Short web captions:
──────────
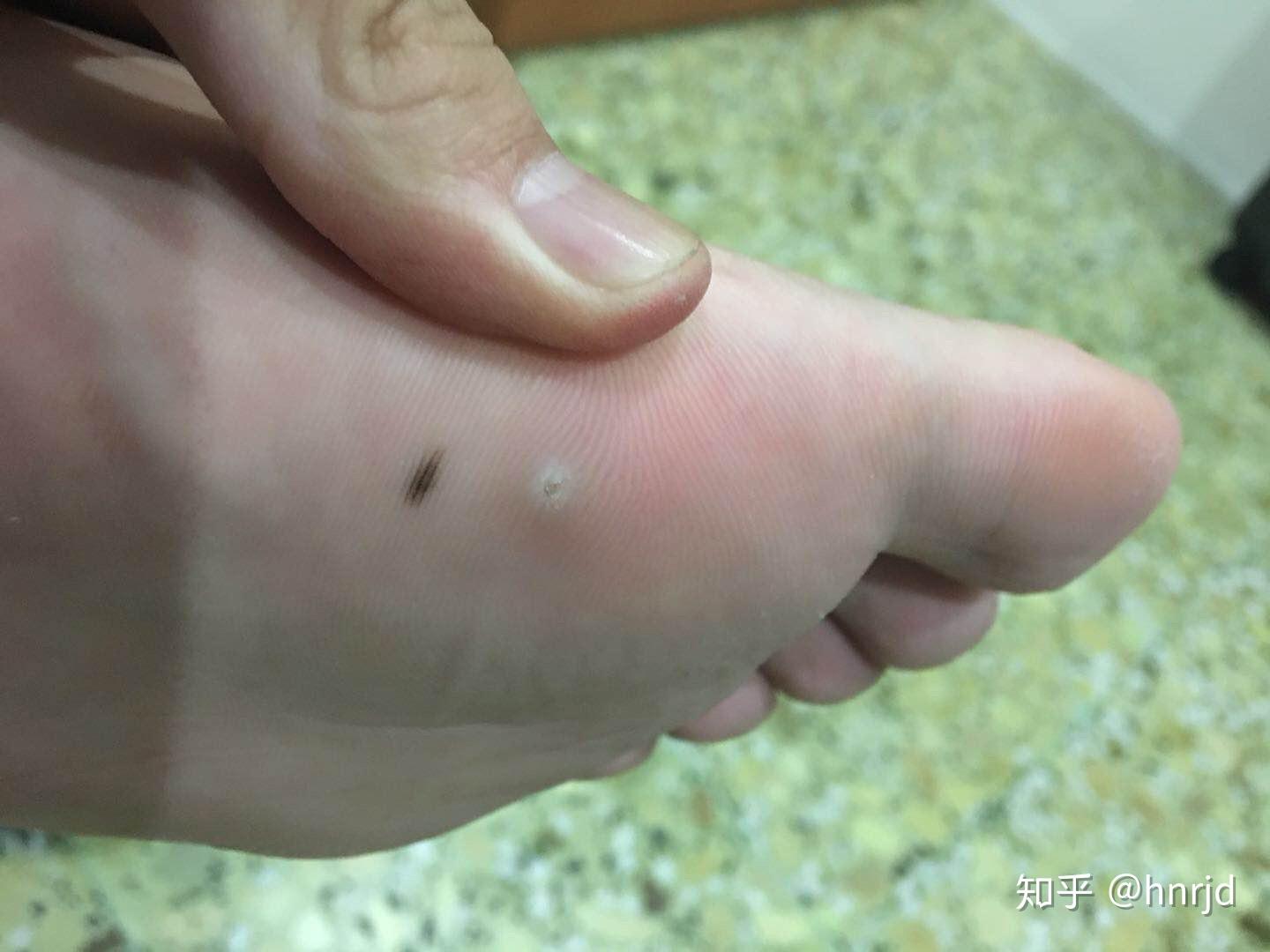 请问脚底长的这种洞洞是什么? - 知乎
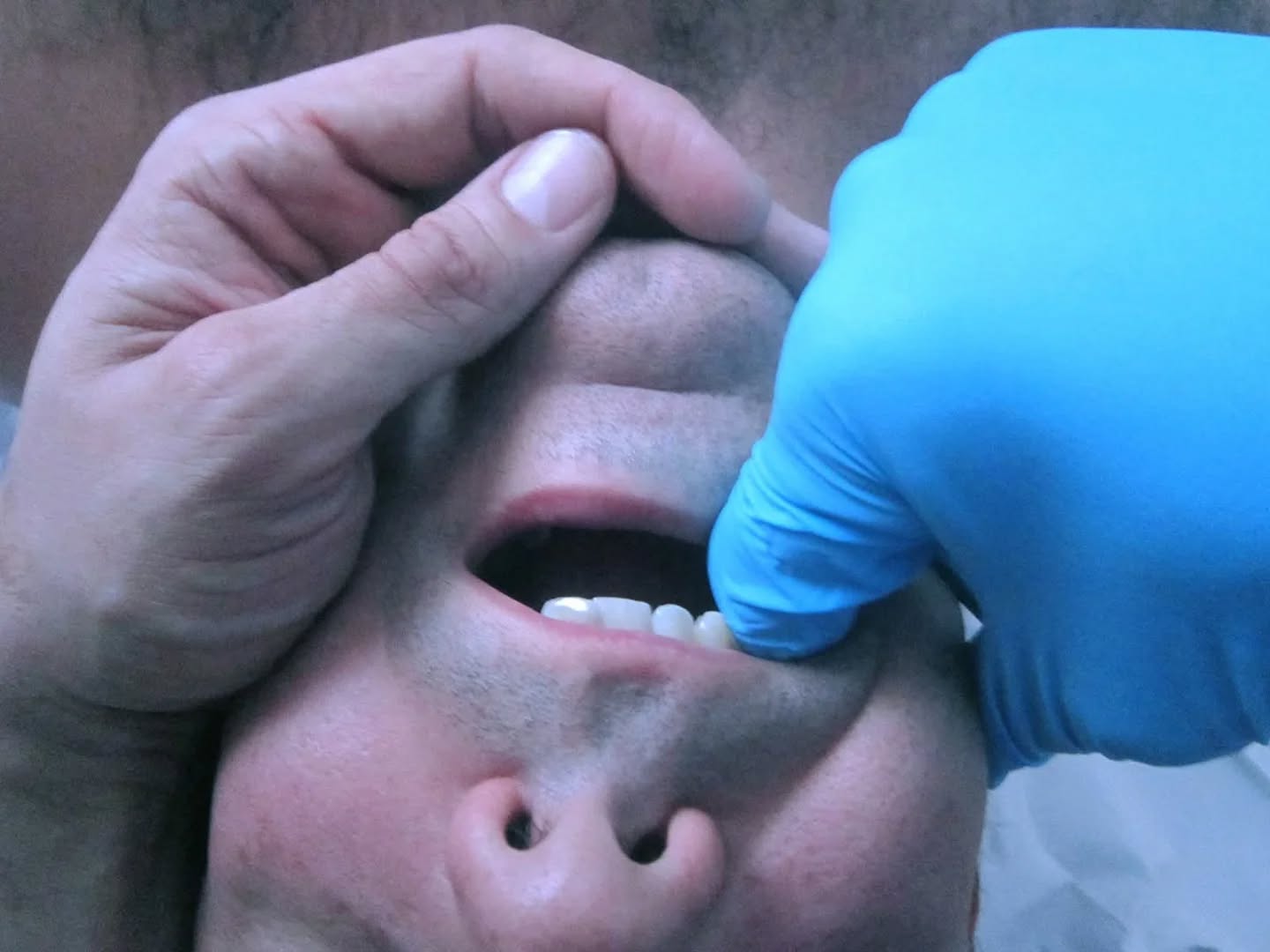 Fisioterapia Belló: los tratamientos más efectivos para los Trastornos de la Articulación Temporomandibular (ATM)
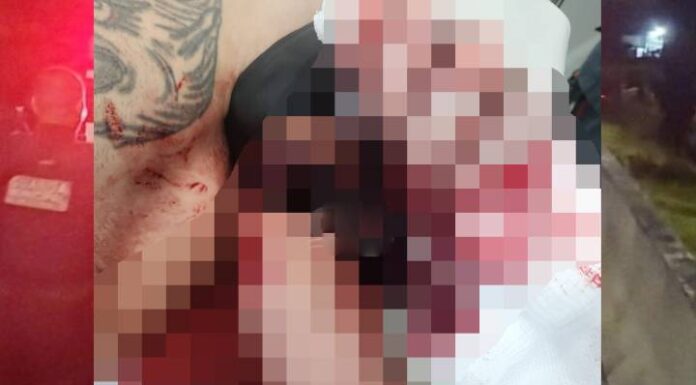 Homem quase tem braço amputado após queda no Bairro Santa Lídia, em Penha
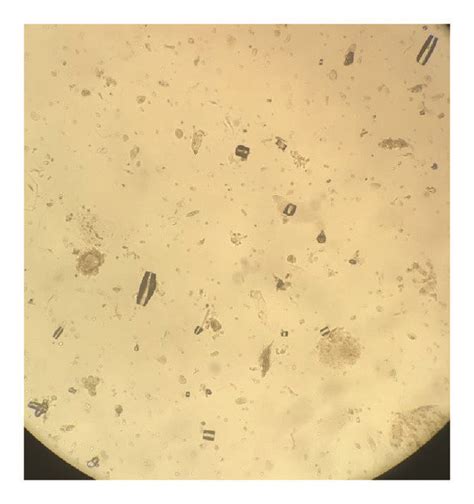 Urine Microscopy Under Low Power Magnification Showing Uric Acid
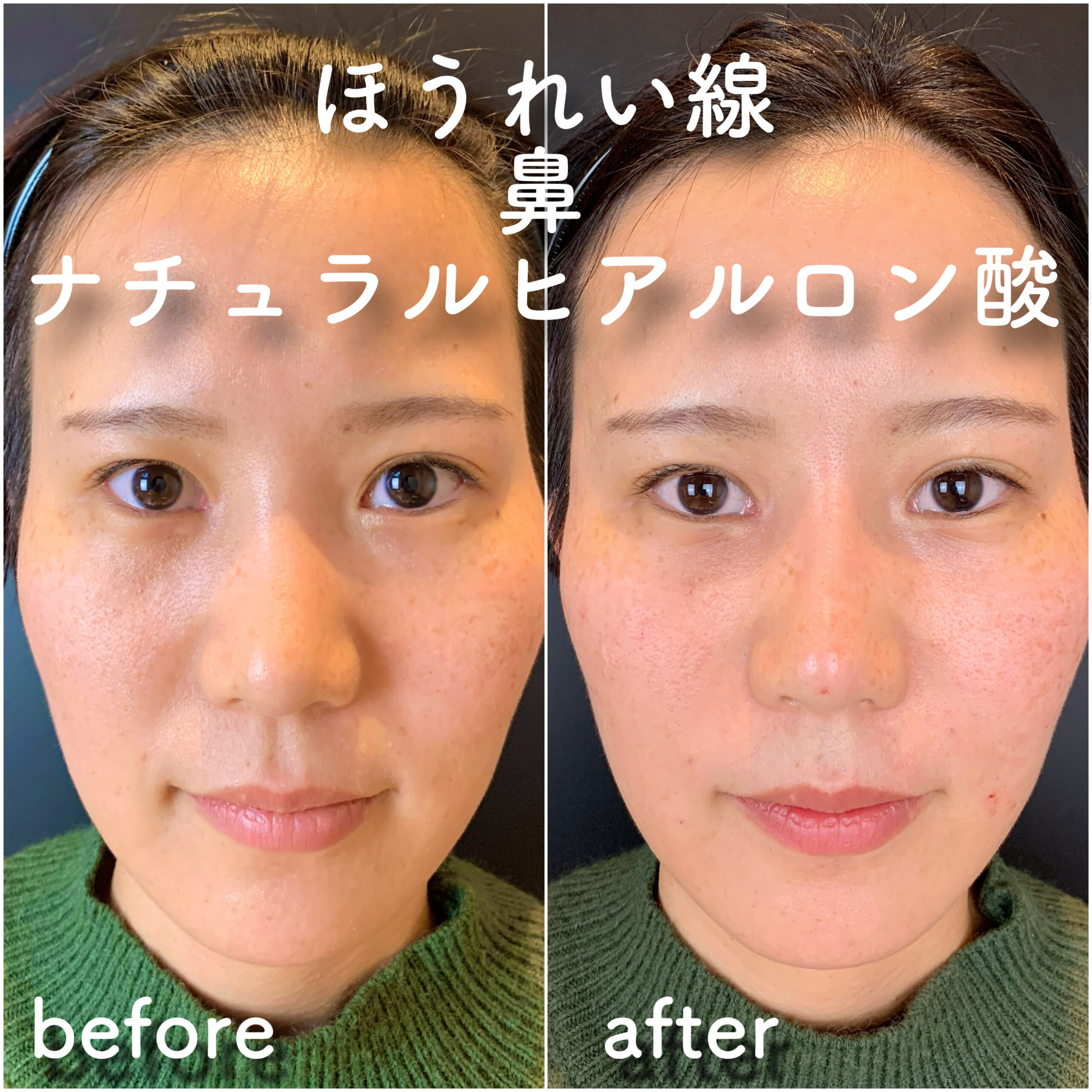 No.3613の症例写真 No.3613の症例写真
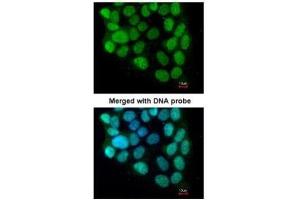 ICC/IF Image Immunofluorescence analysis of paraformaldehyde-fixed A431, using cyclin T2, antibody at 1:200 dilution. (Cyclin T2 anticorps  (C-Term))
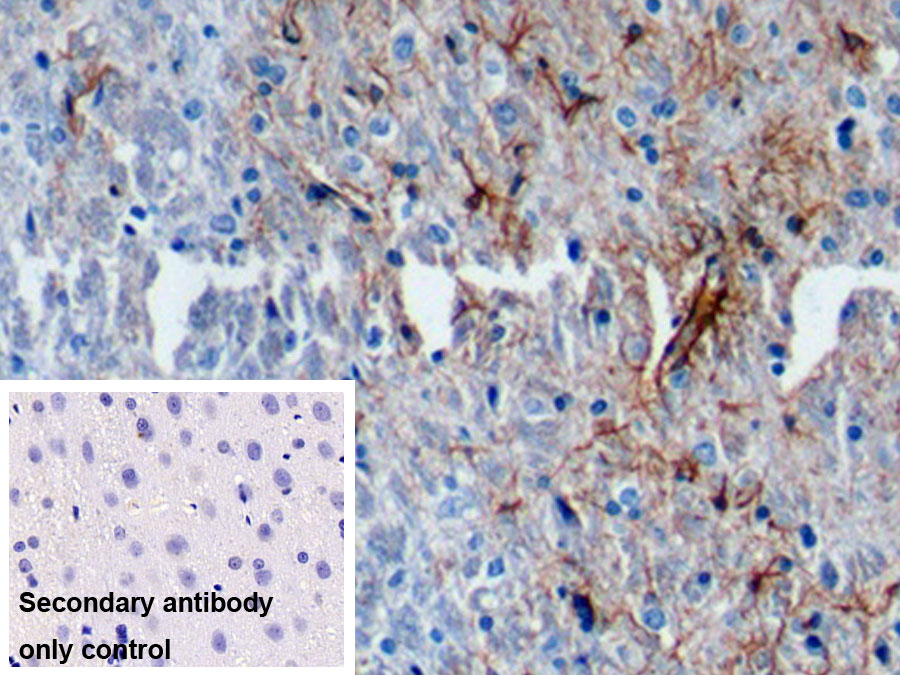 Monoclonal Antibody to Glial Fibrillary Acidic Protein (GFAP)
──────────
▶ _ACTION ITEM_
Starting with the first line of the data, transcribe every line exactly through the one containing "Homem quase tem". No pictures go in.

▶ _EXERCISE RESPONSE_
 请问脚底长的这种洞洞是什么? - 知乎
 Fisioterapia Belló: los tratamientos más efectivos para los Trastornos de la Articulación Temporomandibular (ATM)
 Homem quase tem braço amputado após queda no Bairro Santa Lídia, em Penha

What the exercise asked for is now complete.